• **WHAT NEEDS TO BE DONE**
Transcribe the following entries word for word. End with the line where "Transit Grade map of 07675, NJ" appears.

• **RAW DATA**
>>

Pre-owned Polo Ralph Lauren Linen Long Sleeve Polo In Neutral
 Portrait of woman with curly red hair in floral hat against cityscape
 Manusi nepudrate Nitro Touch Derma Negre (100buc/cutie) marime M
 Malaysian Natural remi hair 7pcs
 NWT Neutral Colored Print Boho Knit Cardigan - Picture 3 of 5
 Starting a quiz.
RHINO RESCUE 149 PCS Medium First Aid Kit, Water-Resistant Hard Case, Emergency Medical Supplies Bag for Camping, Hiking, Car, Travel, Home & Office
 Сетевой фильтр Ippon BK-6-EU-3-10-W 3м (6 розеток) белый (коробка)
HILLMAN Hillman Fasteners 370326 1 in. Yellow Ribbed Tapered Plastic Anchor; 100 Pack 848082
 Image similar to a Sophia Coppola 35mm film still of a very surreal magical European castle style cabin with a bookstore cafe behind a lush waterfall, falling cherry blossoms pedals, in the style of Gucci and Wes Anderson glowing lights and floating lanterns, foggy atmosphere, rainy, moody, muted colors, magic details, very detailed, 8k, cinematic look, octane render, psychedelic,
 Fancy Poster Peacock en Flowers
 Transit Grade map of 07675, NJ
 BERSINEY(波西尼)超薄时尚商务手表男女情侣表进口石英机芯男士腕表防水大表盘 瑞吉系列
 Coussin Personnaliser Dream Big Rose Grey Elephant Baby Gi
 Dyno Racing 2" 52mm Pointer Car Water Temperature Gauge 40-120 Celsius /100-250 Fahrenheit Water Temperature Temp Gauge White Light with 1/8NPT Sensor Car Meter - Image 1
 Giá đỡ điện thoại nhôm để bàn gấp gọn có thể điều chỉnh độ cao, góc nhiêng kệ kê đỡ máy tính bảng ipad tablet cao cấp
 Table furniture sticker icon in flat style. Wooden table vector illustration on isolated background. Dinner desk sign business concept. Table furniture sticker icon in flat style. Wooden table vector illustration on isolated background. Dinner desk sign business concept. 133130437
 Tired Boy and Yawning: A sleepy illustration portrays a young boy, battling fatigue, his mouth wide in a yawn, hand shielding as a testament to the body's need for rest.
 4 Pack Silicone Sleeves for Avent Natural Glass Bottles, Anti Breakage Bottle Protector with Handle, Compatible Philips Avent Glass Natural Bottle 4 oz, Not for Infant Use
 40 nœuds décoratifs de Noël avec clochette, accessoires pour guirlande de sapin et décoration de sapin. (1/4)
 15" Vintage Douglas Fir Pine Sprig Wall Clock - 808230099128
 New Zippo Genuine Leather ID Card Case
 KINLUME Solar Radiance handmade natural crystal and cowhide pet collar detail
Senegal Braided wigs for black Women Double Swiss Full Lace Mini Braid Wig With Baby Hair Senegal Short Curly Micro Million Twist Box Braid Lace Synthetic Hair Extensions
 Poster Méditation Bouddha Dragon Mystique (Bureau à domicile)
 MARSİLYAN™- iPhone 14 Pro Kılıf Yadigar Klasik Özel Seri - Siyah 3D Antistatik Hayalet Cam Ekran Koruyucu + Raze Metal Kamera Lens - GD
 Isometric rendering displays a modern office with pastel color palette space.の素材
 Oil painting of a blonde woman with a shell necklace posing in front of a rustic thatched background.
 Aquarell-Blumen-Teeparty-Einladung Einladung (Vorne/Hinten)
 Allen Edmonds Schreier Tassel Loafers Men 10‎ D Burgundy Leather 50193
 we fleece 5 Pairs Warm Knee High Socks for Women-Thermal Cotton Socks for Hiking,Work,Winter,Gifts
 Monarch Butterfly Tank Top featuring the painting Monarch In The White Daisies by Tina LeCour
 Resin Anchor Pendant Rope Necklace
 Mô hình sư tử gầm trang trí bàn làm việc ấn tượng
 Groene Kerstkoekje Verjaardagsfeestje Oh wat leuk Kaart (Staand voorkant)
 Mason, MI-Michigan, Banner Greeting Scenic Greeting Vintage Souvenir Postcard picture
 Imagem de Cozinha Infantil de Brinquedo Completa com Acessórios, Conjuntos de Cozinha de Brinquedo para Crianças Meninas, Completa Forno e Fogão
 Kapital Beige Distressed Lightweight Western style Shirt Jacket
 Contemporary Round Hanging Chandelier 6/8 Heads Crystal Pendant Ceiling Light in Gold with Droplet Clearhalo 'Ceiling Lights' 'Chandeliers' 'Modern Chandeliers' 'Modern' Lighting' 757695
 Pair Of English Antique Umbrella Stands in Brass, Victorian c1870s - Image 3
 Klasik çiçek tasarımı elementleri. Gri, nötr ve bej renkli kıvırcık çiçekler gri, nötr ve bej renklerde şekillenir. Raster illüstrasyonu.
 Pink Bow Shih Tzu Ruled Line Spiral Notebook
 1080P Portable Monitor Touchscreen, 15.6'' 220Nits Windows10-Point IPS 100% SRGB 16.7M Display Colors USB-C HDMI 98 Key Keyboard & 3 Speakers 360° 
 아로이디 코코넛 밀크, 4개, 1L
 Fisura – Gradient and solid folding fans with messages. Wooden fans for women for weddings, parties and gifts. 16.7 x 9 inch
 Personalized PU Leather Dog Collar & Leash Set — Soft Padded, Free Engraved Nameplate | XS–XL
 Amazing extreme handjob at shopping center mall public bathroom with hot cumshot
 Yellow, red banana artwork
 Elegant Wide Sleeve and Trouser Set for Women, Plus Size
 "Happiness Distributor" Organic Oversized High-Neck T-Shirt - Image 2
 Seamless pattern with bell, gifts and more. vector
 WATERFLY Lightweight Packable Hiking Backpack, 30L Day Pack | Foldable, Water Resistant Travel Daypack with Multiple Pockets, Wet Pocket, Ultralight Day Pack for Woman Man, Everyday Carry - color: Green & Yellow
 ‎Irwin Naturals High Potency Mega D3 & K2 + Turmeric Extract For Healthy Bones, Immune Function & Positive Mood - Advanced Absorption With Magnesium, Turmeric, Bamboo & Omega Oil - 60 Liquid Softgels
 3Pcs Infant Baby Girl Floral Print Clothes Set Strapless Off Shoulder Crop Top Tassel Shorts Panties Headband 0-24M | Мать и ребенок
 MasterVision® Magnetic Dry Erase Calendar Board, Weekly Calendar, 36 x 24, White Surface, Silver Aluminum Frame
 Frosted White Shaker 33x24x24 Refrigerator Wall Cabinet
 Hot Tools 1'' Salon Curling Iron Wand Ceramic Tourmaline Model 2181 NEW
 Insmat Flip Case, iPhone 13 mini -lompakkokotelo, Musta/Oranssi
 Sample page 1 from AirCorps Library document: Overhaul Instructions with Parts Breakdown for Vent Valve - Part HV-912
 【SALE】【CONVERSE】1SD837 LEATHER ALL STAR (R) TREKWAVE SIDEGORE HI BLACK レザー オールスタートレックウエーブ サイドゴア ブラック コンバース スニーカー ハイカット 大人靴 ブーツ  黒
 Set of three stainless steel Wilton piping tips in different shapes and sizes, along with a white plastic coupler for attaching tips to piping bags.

<<

• **SOLUTION TO THIS TASK**
Pre-owned Polo Ralph Lauren Linen Long Sleeve Polo In Neutral
 Portrait of woman with curly red hair in floral hat against cityscape
 Manusi nepudrate Nitro Touch Derma Negre (100buc/cutie) marime M
 Malaysian Natural remi hair 7pcs
 NWT Neutral Colored Print Boho Knit Cardigan - Picture 3 of 5
 Starting a quiz.
RHINO RESCUE 149 PCS Medium First Aid Kit, Water-Resistant Hard Case, Emergency Medical Supplies Bag for Camping, Hiking, Car, Travel, Home & Office
 Сетевой фильтр Ippon BK-6-EU-3-10-W 3м (6 розеток) белый (коробка)
HILLMAN Hillman Fasteners 370326 1 in. Yellow Ribbed Tapered Plastic Anchor; 100 Pack 848082
 Image similar to a Sophia Coppola 35mm film still of a very surreal magical European castle style cabin with a bookstore cafe behind a lush waterfall, falling cherry blossoms pedals, in the style of Gucci and Wes Anderson glowing lights and floating lanterns, foggy atmosphere, rainy, moody, muted colors, magic details, very detailed, 8k, cinematic look, octane render, psychedelic,
 Fancy Poster Peacock en Flowers
 Transit Grade map of 07675, NJ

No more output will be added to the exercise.